カタカナ語を使わずに言うと、経済の行き詰まりがいったん終焉を迎え初期化されるとき、新しく生まれる三つの社会的精神的傾向。かえってややこしい(笑)。
その三つのトレンドのうちの一つが、自前主義、つまり生活の基本はできるだけ自分たちでやろうということです。
これまでは、物やサービスを買うという形で、あるいは行政のサービスを受けるという形で、他人任せにすることが一般的でした。

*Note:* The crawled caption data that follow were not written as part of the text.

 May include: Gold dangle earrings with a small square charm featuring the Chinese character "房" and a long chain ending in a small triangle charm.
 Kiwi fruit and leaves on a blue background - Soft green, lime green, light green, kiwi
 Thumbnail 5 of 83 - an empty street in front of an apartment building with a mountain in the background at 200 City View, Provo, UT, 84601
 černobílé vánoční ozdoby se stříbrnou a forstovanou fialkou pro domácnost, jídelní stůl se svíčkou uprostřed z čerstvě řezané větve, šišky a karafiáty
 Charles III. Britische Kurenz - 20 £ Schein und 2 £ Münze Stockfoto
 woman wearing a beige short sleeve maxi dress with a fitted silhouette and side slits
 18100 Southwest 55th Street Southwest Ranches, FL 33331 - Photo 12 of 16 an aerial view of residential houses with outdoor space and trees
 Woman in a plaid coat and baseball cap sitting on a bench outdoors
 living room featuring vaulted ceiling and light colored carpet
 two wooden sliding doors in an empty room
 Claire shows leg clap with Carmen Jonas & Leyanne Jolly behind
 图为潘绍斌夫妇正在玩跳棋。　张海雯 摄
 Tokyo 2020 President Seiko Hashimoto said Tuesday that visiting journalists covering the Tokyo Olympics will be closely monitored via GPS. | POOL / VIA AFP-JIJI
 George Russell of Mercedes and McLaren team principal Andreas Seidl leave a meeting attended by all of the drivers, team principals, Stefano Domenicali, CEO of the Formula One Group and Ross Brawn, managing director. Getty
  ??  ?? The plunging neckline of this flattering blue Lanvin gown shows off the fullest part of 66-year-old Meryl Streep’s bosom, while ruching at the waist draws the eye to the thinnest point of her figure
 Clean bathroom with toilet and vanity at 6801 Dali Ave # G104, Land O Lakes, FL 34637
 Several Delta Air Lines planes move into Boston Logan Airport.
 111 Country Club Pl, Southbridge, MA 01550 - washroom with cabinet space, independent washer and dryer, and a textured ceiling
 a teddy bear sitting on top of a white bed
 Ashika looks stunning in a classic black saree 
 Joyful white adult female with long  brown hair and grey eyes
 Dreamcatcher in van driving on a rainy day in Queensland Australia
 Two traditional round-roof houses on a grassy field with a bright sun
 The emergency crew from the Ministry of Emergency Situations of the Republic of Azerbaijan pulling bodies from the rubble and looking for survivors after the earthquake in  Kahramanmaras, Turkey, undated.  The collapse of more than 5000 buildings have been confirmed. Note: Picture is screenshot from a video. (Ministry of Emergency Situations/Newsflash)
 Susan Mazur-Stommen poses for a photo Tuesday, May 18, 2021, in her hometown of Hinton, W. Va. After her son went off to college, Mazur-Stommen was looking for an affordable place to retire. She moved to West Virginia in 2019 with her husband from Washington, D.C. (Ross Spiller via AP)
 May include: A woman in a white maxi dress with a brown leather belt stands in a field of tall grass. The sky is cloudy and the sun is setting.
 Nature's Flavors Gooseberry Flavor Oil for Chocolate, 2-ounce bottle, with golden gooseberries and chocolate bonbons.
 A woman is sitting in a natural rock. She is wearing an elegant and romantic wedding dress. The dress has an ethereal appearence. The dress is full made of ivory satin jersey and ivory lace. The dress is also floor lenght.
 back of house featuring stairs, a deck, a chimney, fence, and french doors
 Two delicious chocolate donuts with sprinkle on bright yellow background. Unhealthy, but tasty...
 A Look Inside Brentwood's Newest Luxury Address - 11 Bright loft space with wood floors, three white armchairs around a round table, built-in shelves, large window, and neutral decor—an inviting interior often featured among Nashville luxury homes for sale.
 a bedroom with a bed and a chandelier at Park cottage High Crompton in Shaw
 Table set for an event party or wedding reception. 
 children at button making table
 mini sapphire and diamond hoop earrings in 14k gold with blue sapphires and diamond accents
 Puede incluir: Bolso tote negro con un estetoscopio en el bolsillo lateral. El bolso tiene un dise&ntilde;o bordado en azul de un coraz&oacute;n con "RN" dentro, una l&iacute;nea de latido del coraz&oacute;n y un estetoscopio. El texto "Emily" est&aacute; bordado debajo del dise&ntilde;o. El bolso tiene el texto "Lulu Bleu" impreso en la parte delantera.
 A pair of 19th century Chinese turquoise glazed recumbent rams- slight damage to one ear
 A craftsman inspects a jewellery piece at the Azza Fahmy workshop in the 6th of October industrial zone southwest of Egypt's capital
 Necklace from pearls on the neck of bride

しかし、これからは、生活に密着したものは、自分たちの家庭や地域の中で、自前でやっていこうという動きが出てきます。そして、その範囲は、生活の周囲から次第に広がっていきます。
二つ目が、本質志向です。
自分たちでやるから、自然に本質的なものを志向するようになります。
農業でも、商品化して人に売るときは、曲がったキュウリではだめで、何しろ見た目のよさが重要になります。しかし、自前で作るときは、曲がっていようが虫が食っていようが気にせずに、何しろ安全なものを作るようになります。
これが、農業に限らず、あらゆる分野で起こります。
その本質志向の普及を加速させるのが、インターネットによる情報交換です。
三つ目が、起業精神です。
自前主義、本質志向なら、自分の得意な分野で社会に貢献しようという人が次々と出てきます。
そして、世界の大きな流れは、大企業になればなるほどますます人件費を削る方向に進みます。なぜなら、工業時代の物を売る仕事は、サービスという「物」を売る仕事も含めて、既に供給が過剰になっているからです。
まだ途上国には膨大な需要があるという人もいますが、人間の求める需要は人間の自然の数に応じてしか増えませんが、機械の作る供給は機械的にいくらでも増やせます。だから、膨大な需要もすぐに供給で埋め尽くされるのです。
そこには当然環境の問題も出てきますが、環境保護もまた新しい需要として、新しい供給によって埋められていきます。
こうして、これまでの大衆消費社会はそのまま残りますが、それはもはや社会の後景に退き、それに代わって、各人が各人の好みに応じて生産する社会が生まれてきます。
やがてそのミニ生産の中から、突出したものが出てくると、それが「道」の文化として確立するようになります。
この「道」の文化は、高度化するにつれて、広い裾野を形成するようになります。こうして、日本発の新しい文化的経済が生まれるのです。